Two other women artists exploit more feminine terrain with hand-held mirrors that play with a more intimate scale of reflection. Yoko Ono's A Box of Smile (1971), with a mirror concealed under its small lid, is interactive—you provide the smile. This enigmatic object recalls those that Alice encountered in Wonderland, such as the 'little glass box that was lying under the table: she opened it, and found in it a very small cake on which the words "EAT ME" were beautifully marked in currants.'20 While Ono's box does not offer hallucinogenic transformations, it draws a willing participant into play. Engraved with the Cyclops's single eye, Meret Oppenheim's fetish object, Love of Polyphemus (1974), plumbs darker myths. Two Greek tragedies converge within this looking-glass, as Narcissus finds not the object of his own desire but the giant's organ.21 If narcissism represents an unchanging condition of perpetual frustration, Oppenheim compounds the horror.

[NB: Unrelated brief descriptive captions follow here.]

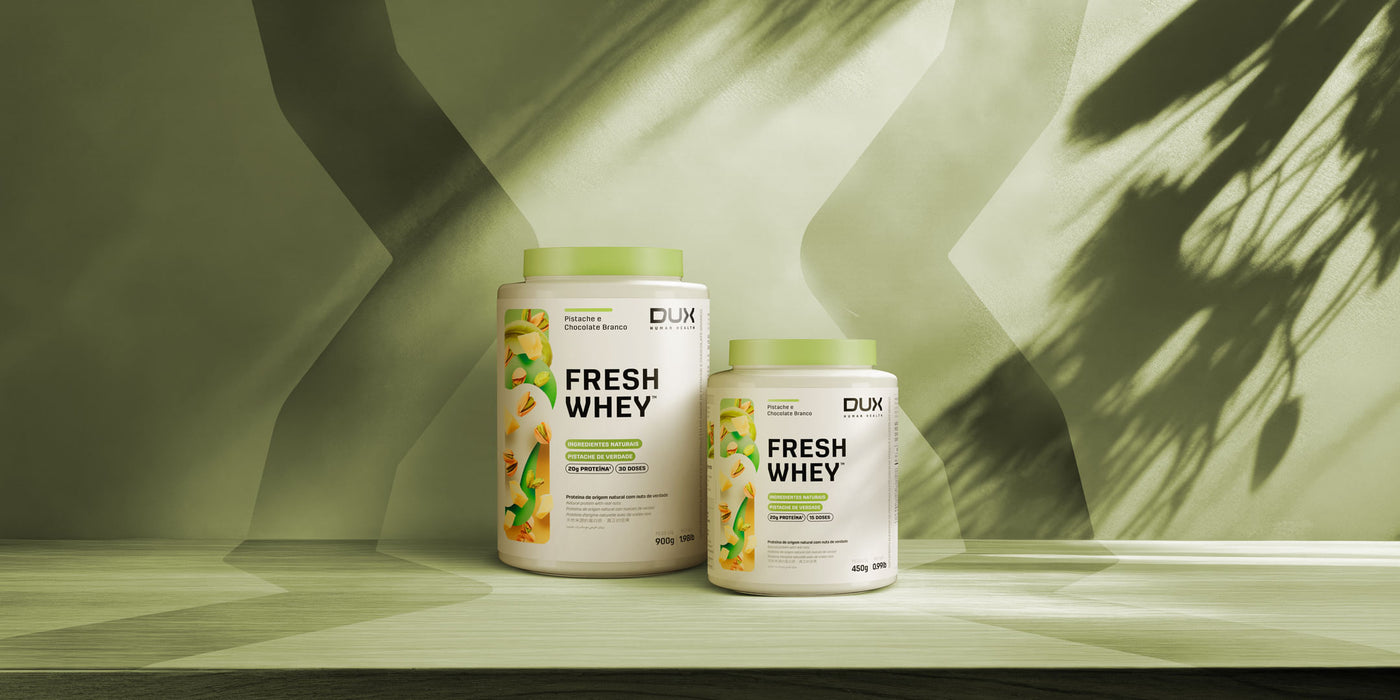 FRESHWHEY™ PISTACHE E CHOCOLATE BRANCO - POTE 900 G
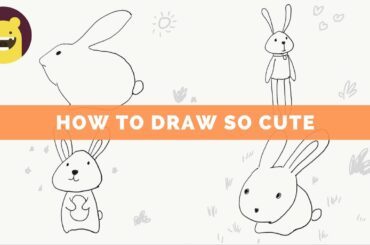 How to draw a cute bunny - super easy step by step drawing for kids and bullet journal.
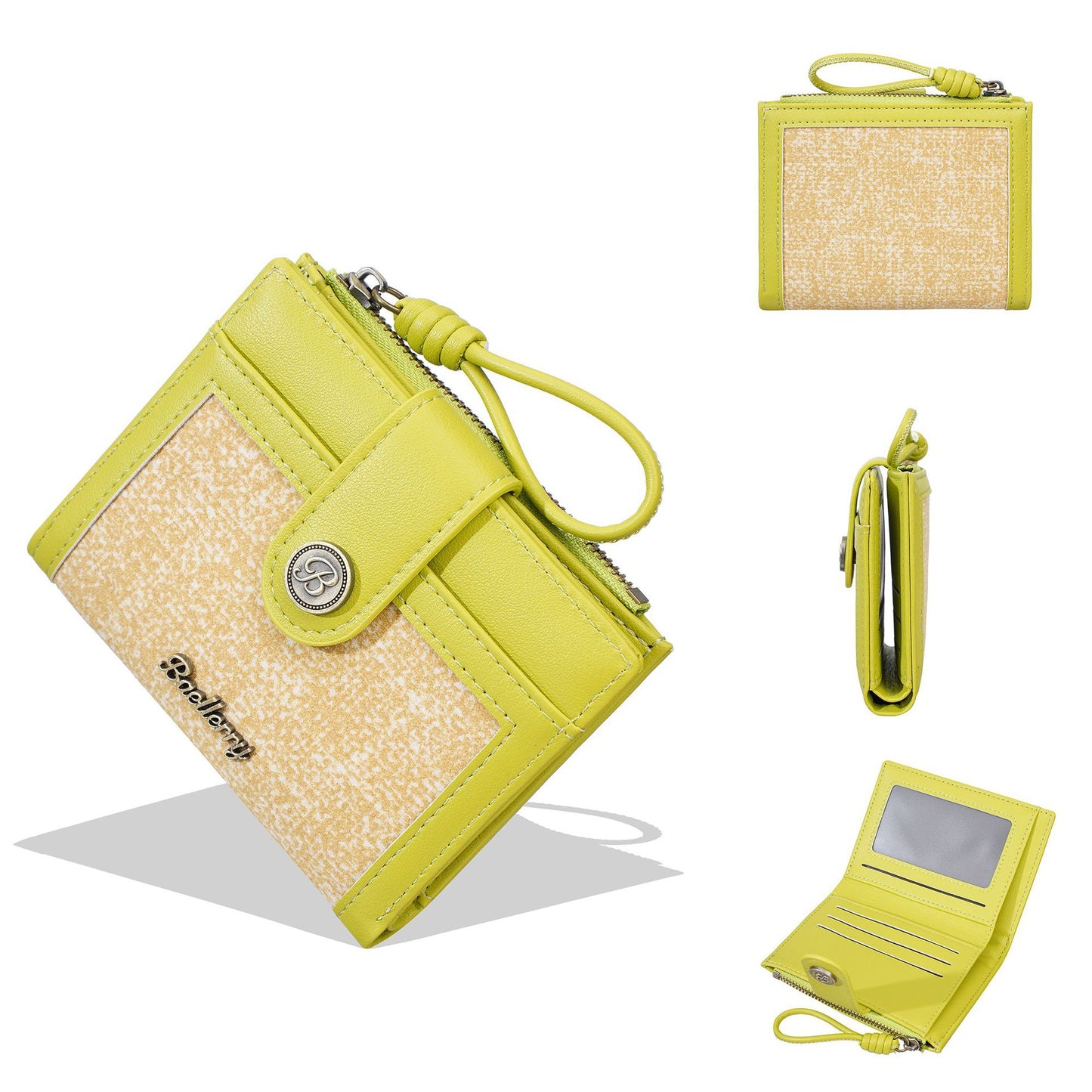 👛Cartera elegante y de alta gama con cremallera y múltiples ranuras para tarjetas.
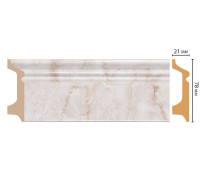 Плинтус напольный DECOMASTER из полистирола 78х21х2400 мм D122-80 ДМ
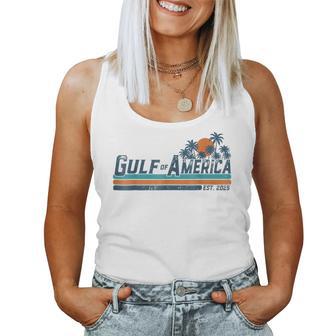 Retro Gulf Of America Est 2025 Usa Women Women Tank Top | Mazezy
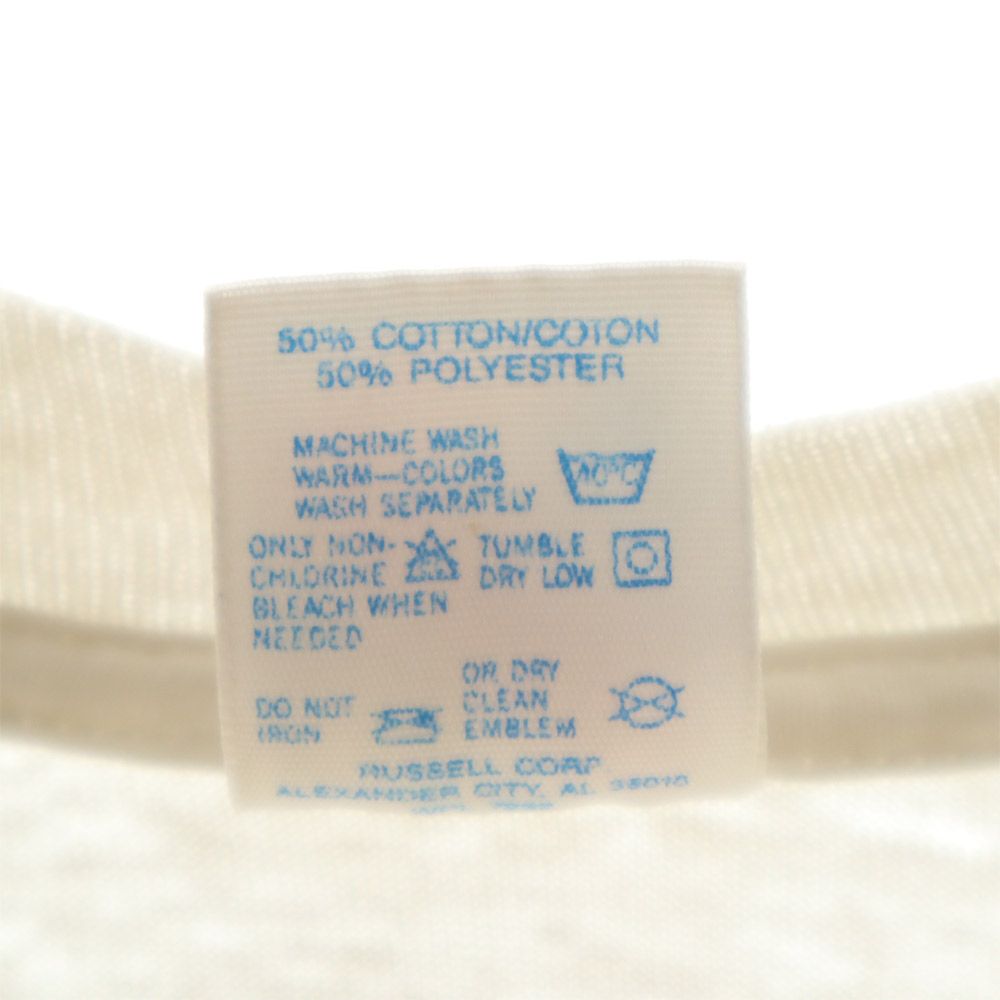 JERZEES ジャージーズ 90s USA製 オールド 半袖 Tシャツ M ホワイト系 メンズ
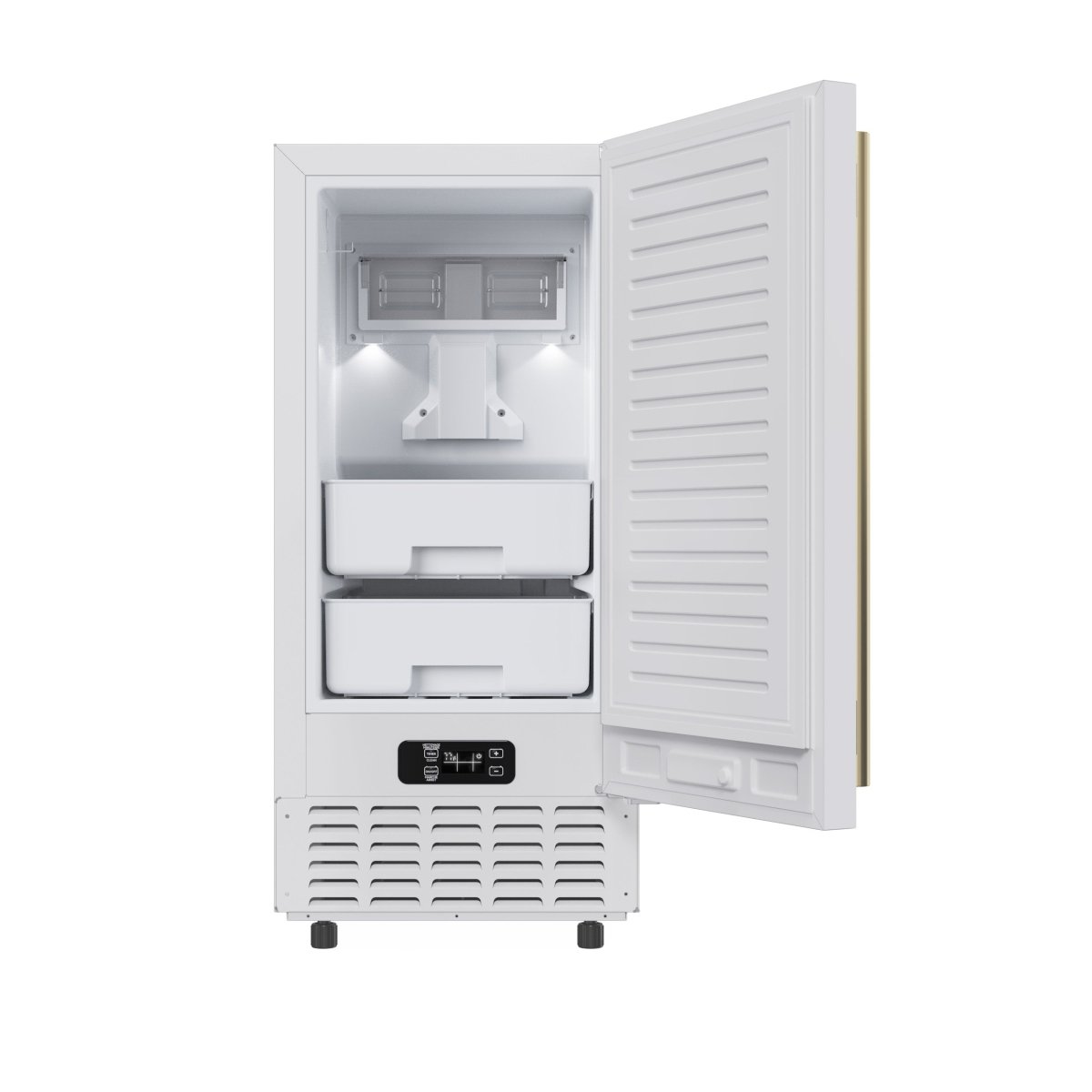 Cristallo 15 Inch Freestanding/Undercounter Ice maker, 66.1 lbs Chewable nugget, 8 kg / 17.6 lbs of ice storage, White - BonPrix Électroménagers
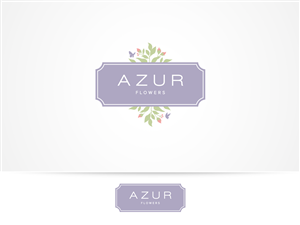 Azur Flowers | Logo Design by aftrmidnite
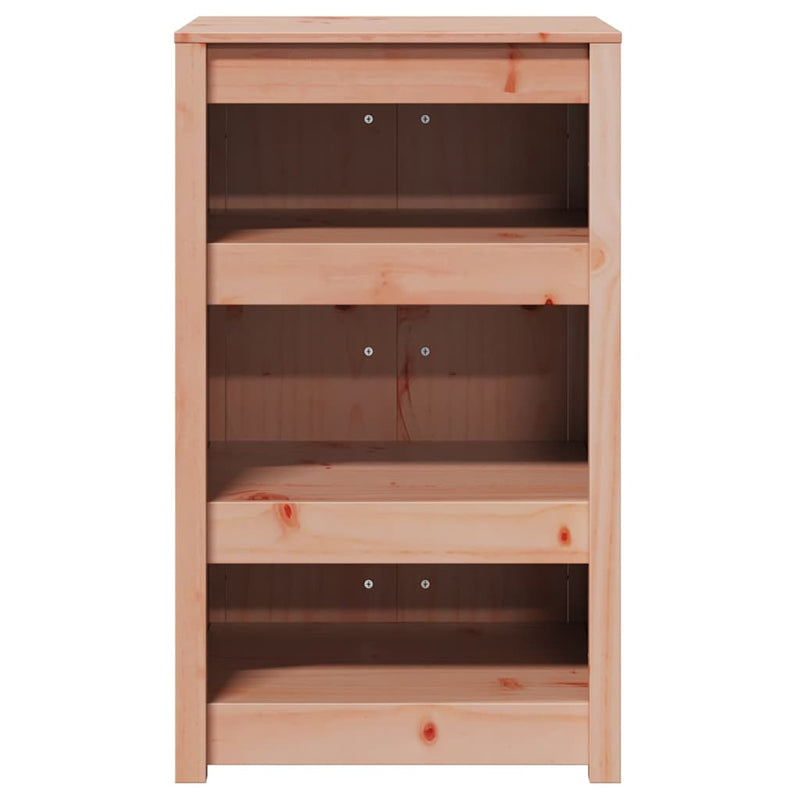 vidaXL Konyhaszekrény polcokkal Barna 55 x 55 x 92 cm Tömör fenyőfa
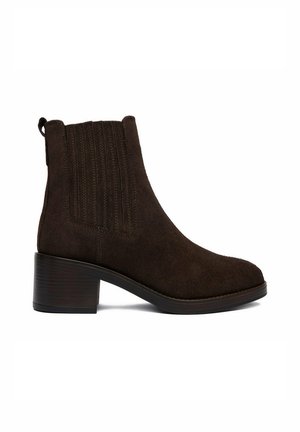 Gino Rossi, GINO ROSSI ANKLE BOOTS WOMEN'S BROWN 5907964602316 - Classic ankle boots - brown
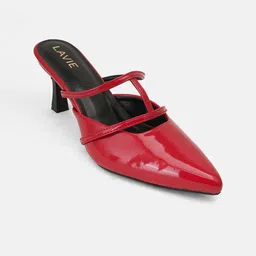 Lavie Textured Slim Heeled Mules-49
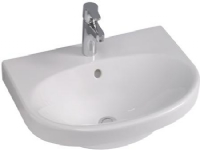 GUSTAVSBERG Nautic 5556 håndvask. Monteringer på bolte eller bæringer – anbefalet 260mm VVS 653007.000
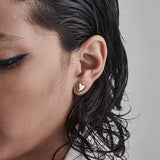 Stolen Girlfriends Club Heart Is Full Stud Earrings Gold Plated
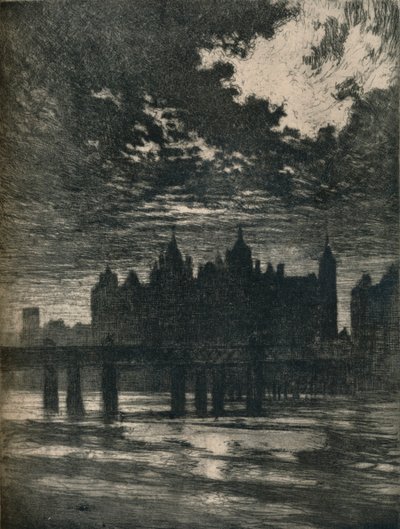Whitehall Court von Joseph Pennell
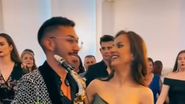 Armin Nicoară, ipostaze tandre cu o colegă de breaslă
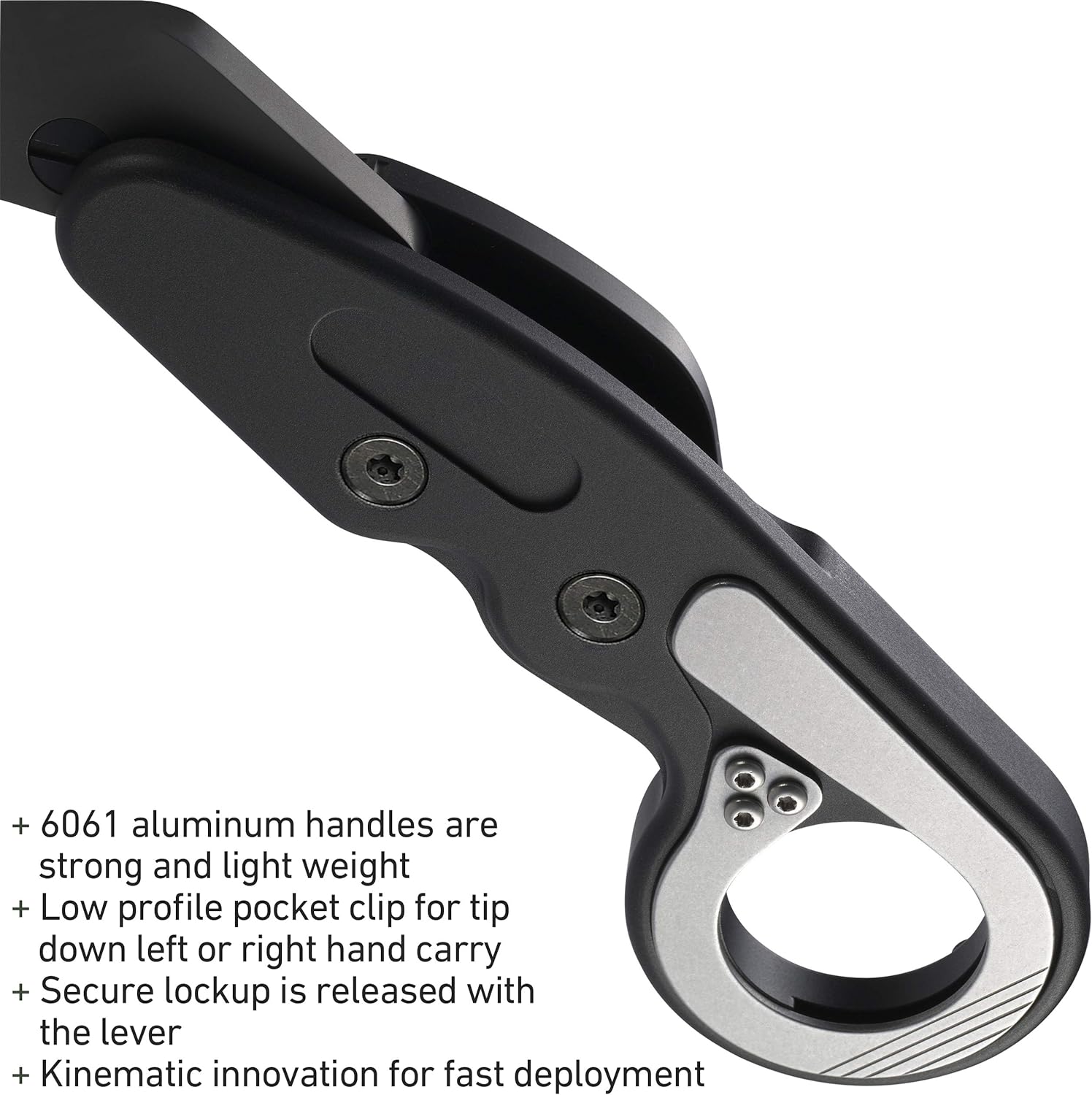CRKT Provoke Folding Knife with Kinematic: Morphing Karambit, D2 Plain Edge Blade, Aluminum Handle, Pocket Clip, 4040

Looking back across this spectrum of historic mirror pieces—from the hypnotic optics of kinetic art to the metaphysics of neo-dada and surrealism—it becomes clear that it was only in minimal and conceptual practices that mirrors came to mark a crisis. These pieces concern seeing in the most commonplace sense and, by accentuating the ambiguities of that activity, they insist viewers question the role of spectatorship itself. Art & Language suggest that a desire for a more social practice also lurks in such mirror-works, for 'a queer consequence of speculation ... about invisibility or dematerialised objects ... [means] the author or artist is no longer alone; that a socialised base of art just might be developed ... As a necessary internal development of the work.'22
A man watching the man
Watching the man
Peter Cripps provides a bridge of sorts to the contemporary Australian artists in the exhibition, being directly implicated in the crisis. His practice is marked by a critical (and, at times, almost paralysing) relation to the art museum and earlier avant-gardes. In the early 1970s he gained first-hand knowledge of minimal-conceptual art, as a curator, by installing and reconstructing work by such seminal figures as Sol LeWitt and Yvonne Rainer.23 Cripps's attention to museum-language led him to observe its curious landscape terms: 'A painting hung high on a wall is said to be "skied", when low on the wall it is described as "floored" or "grounded".'24 These conventions became part of his material with the Construction series (1975), which used improvised materials, such as small cardboard containers and metal cans, projecting from the wall in the place of painting—these works often being either skied or floored. These unprepossessing objects, frequently with small round or square cosmetics-compact mirrors attached, produce disquieting effects. As Carolyn Barnes observes, 'like optical devices ... they became agents of spatial definition but also purveyors of spatial illusion ... These objects appear as flat, geometric shapes, squares, circles floating in space, their actual distance from the wall difficult to define.'25 The viewer only notices their low-level effects when moving, as these 'uncosmetic' wall pieces punctuate and fragment the normal parameters of a space, while drawing attention to ambient, peripheral, and infrastructural supports. Cripps described the Construction series as part of an ephemeral, socially engaged 'recession art'—based on 'limited means of production, speed of production, and small size of constituent units'26—which enjoyed a largely underground presence over the following decades.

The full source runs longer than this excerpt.